Thursday, October 28th, 2004


Scientists discover a tool-using, perhaps culture creating, prehistoric dwarf race on the human family tree, which appears to be more complex than previously imagined.

Since the dwarfism of this Homo Erectus -like proto-human who probably coexisted for thousands of years with modern Homo Sapiens is being explained by hypothetical localized evolutionary pressures, that begs the question if scientists will one day make a discovery on the other end of the size spectrum. Perhaps we will find that there were once ” giants ” who walked the earth.

Tuesday, October 26th, 2004


Count me as someone who thinks the airwaves should be auctioned off as property rights or long-term leases to the highest bidder and the FCC be abolished or converted into an institution to prevent infringement on those rights to broadcast on a particular part of the spectrum. I’ve never bought into the whole public airwaves argument but that is currently the law – obligations to serve the public interest and all that – and the law is the law until found unconstitutional. I think it should be and free speech should reign but that’s merely my opinion, not the law we live under.

So therefore, if a broadcaster decides repeatedly to attempt to manipulate the electorate by providing false information under the guise of “news” designed to ” tilt ” the public against a candidate – is that in the public interest ? Isn’t that also a calculated attempt to break the recent McCain-Feingold regulations – another stupid law contrary to our liberties -regarding the 60 day time limit and political advertising ? How can it not be ?

Shouldn’t then, if we want to follow the law, all of that broadcaster’s station licenses be suspended or pulled altogether ? And heavy fines be imposed by the FCC and the FEC ?

If not, why not ?

Tuesday, October 26th, 2004


Dave Schuyler of The Glittering Eye is tackling PNM theory and is demanding greater precision and quantification from Dr. Barnett. I’ll offer some commentary from my perspective on Dave’s questions. Everyone else feel free to chime in as well.

“I continue to find Dr. Barnett’s notion of an integrated Core and a non-integrating Gap perplexing. How long has there been a Core? What is its history? If it existed a hundred years ago, what were the then-Core’s rule-sets? How have the rule-sets changed over time?”

Dr. Barnett discusses several attempts at Globalization in world history in PNM. Diplomatic and economic historians as a group would generally point to a first attempt at globalization in the late 19th century during the apex of classical liberal thought that was ultimately aborted by the Great War in 1914 and pronounced dead in 1930 by Smoot-Hawley. Sadly, American protectionism played a role in provoking both Great Britain’s retreat from Free Trade into Imperial Preference and the reinforcement of Germany’s innate tendencies toward cartel-corporative capitalism and expansionist autarky. Brooks Adams had more or less predicted such an outcome in 1900 from unrestrained pursuit of beggar-thy-neighbor tariff wars.

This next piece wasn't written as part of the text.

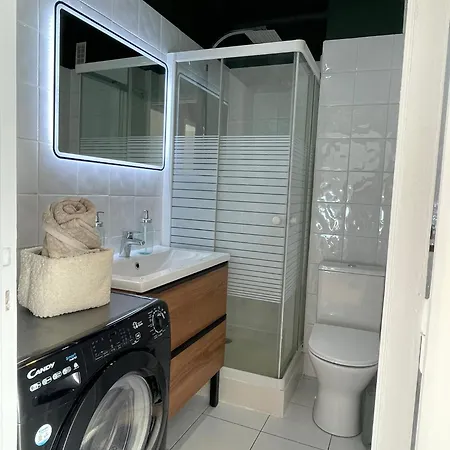3 Pieces Ensoleillees Vue Jardin Au 6eme Etage, 12 Min Centre Cannes Le Cannet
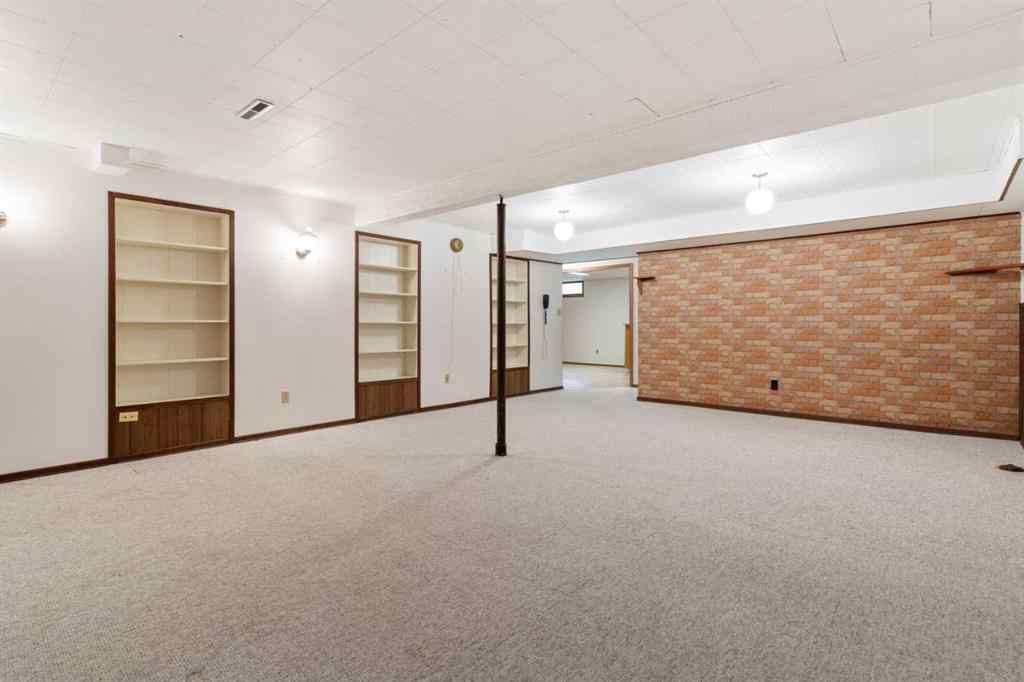 MLS® A2241644 - 6508 45 Avenue  in Westmount Camrose, Residential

Overall though, I would say ” The Core ” was evident but not yet integrated by Teddy Roosevelt’s day when the great economic and political powers were the United States, Great Britain, Germany, France, Japan and Russia. I realize it’s not common to think of Imperial Russia as an economic power but Tsarist Russia played a ” New Core ” role much the same way China does today with phenomenal GDP growth rates of about 7-8 % in a rapidly industrializing but mostly peasant society. The Core became the Core in the full sense by achieving integration – minus Russia – in the aftermath of WWII with the Bretton Woods-IMF-World Bank-GATT- UN-NATO -EEC superstructure tying the West and Japan together. Even tinkering with the system – Nixon floating the dollar and junking fixed exchange rates or France pulling out of NATO’s military command – did not dissolve the Core.

“Why, instead of discrete Core and Gap, isn’t there a spectrum of Core-integration with countries being more-integrated and less-integrated over time? Why does the rule-set seem so binary?”

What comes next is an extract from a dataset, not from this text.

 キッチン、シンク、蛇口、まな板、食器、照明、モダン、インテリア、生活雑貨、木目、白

I think a spectrum is a valid mechanism of evaluation, particularly if we used it to ” rate connectivity” within the New Core or Gap states on ” the seam”between the two. My guess here is that as a briefer to Pentagon war planners, policy makers and Brass that Dr. Barnett was finding a more receptive audience for his ideas with categorical classification than with some kind of sliding scale. Just a hunch however, we’d have to ask Tom to be certain.

“And shouldn’t there be some meta-rules for the Core rule-set? I would really like to see examples of each of these rules in action. And, more importantly, methods of testing whether a specific rule is actually in force. Without standards for specifically disproving each rule aren’t we looking at self-defining tautologies?

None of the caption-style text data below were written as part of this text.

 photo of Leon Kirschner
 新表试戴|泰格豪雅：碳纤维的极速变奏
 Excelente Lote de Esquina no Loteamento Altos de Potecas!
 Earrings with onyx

Take Rule #9, for example:

The potential for conflict is maximized when states with differing rule sets are forced into collaboration/collision/clashes.

Do any two states actually have the same rule set? How do you measure it? It would seem to me that, once again, we are always dealing with a spectrum of degrees of congruity between rule-sets rather than an equivalence/non-equivalence situation”

Good questions.

I think during the Cold War there was a consensus within the Core G-7/NATO/Japan bloc on ” the rules of the game”. The UN was a fictive, ceremonial institution except by accident ( Korean War) when the advocate of a competing rule-set dynamic known as Communism happened to have walked out of the UNSC. Oh, the UN was useful for talking about middling problems but nobody expected it to prevent either superpower from doing something – only the other superpower could do that through he logic of deterrence, MAD and detente. Within the Core, even the French were substantively cooperative most of the time, so long as the Soviet Union endured.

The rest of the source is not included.